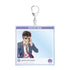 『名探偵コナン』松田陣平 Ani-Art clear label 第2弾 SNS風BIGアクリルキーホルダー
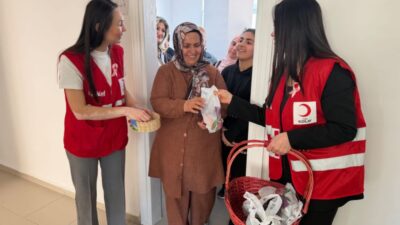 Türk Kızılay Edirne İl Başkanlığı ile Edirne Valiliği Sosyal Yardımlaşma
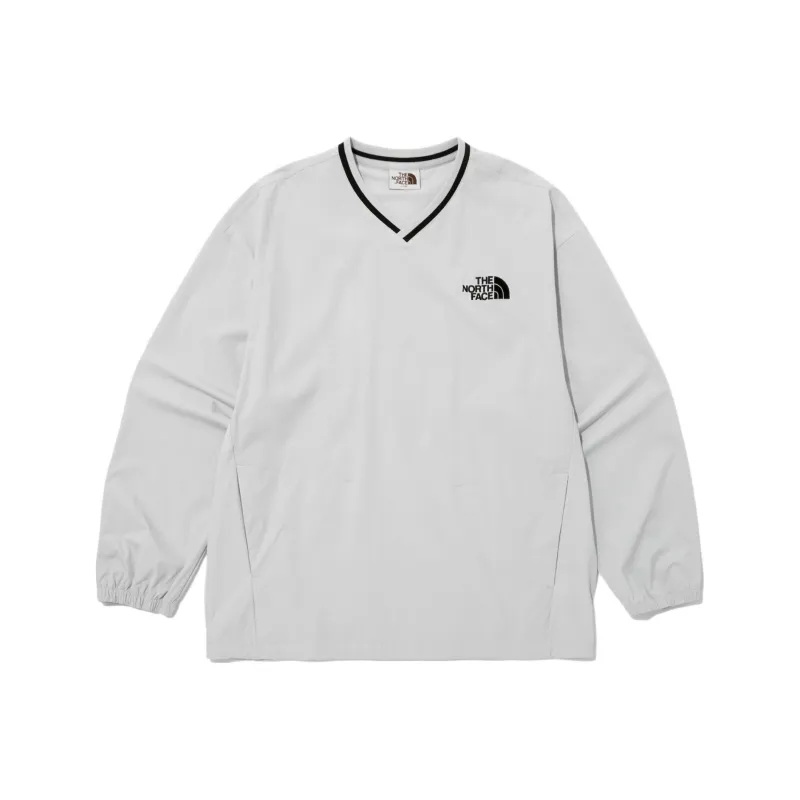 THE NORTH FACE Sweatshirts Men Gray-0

*-*-*

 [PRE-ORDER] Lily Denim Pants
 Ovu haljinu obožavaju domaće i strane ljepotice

*-*-*

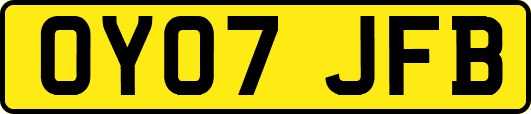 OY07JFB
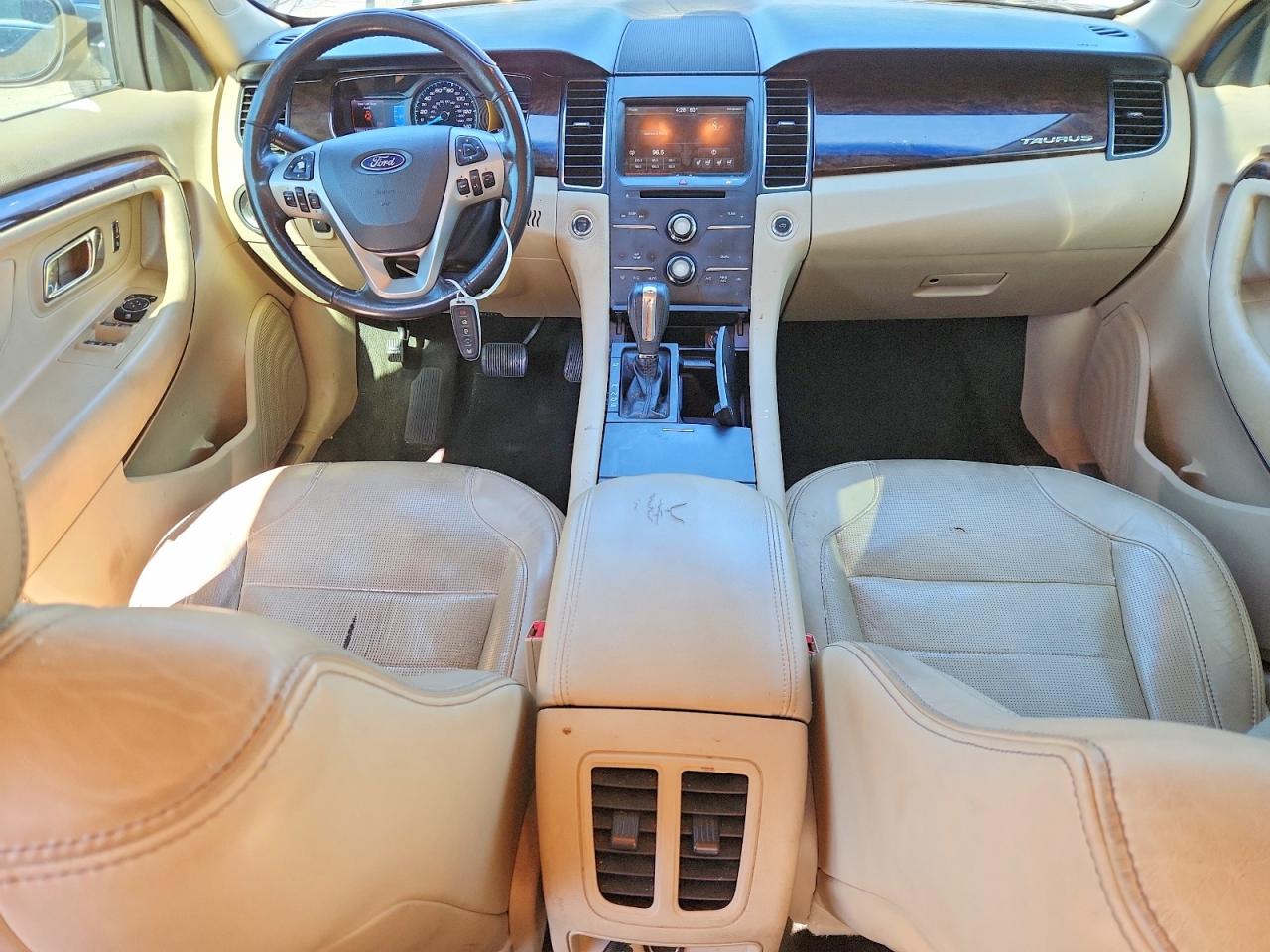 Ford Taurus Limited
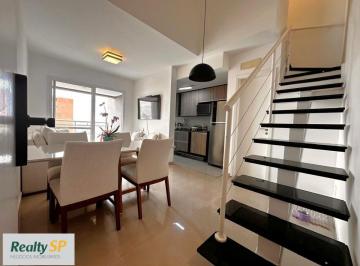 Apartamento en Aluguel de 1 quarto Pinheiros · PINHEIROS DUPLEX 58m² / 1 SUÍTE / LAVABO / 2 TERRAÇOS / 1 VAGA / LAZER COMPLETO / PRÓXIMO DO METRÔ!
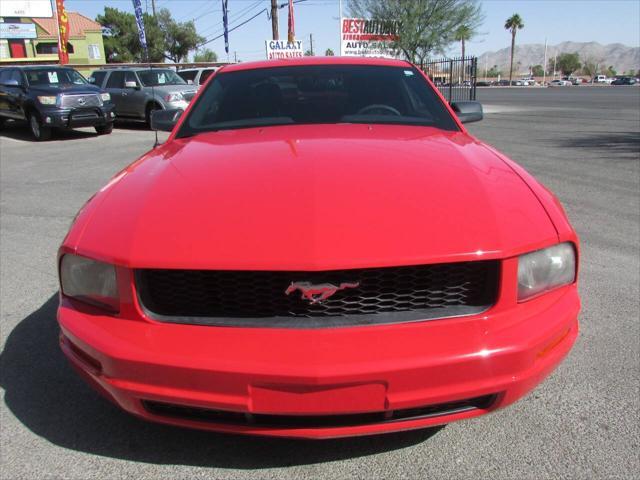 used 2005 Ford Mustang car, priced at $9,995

*-*-*

• Prompt: Transcribe the lines above exactly, beginning at the one with "label 第2弾 SNS風BIGアクリルキーホルダー" and ending at the one with "THE NORTH FACE Sweatshirts Men Gray-0". Include both; exclude the pictures.

• Result for this exercise:
 『名探偵コナン』松田陣平 Ani-Art clear label 第2弾 SNS風BIGアクリルキーホルダー
 Türk Kızılay Edirne İl Başkanlığı ile Edirne Valiliği Sosyal Yardımlaşma
 THE NORTH FACE Sweatshirts Men Gray-0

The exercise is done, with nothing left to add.